Are you ready to retire?
The median retirement age in the U.S. is 62 years old. A 62 year old is predicted to live another 20-23 years. If they make it to 84 years old, they are likely to live another 6-7 years. Longevity is hard to predict, so it is important to give yourself a healthy financial buffer when it comes to retirement planning. The following are a few signs you may be ready to retire:
If you are comfortable paying your bills now. Retirees are estimated, on average, to need about 75-80 percent of their pre-retirement income to enjoy a comfortable retirement. Expenses like business clothing and transportation may decrease, but medical bills may increase.

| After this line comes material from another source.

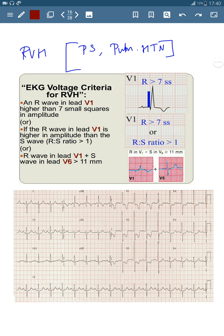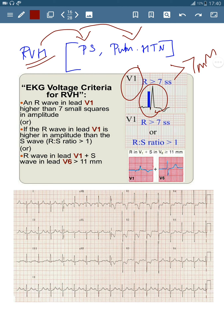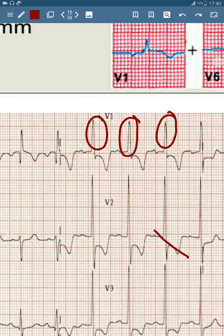Right ventricular hypertrophy can be caused by pulmonary stenosis or pulmonary hypertension. The criterion for right ventricular hypertrophy is that the R wave in V1 should be more than 7 mm. In this ECG, you can see the R wave in V1 is more than 7 mm, indicating right ventricular hypertrophy.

It is also important to factor in taxes and healthcare costs into your retirement plan, as those can siphon away a seemingly robust retirement savings account.
If you have low to no debt. Before you retire, you will want to reduce or eliminate credit card debt or car loans. Getting rid of debt means getting rid of the adjoining interest payments that can eat away at savings.
If you have savings set aside for major expenses. House repairs, such as replacing a roof or repaving a driveway, or purchases such as a new car or a vacation home can be difficult to handle during retirement when no new income is coming in and you are working to live on a steady allowance. Before you retire, make sure to address any major, foreseeable expenses and have a plan.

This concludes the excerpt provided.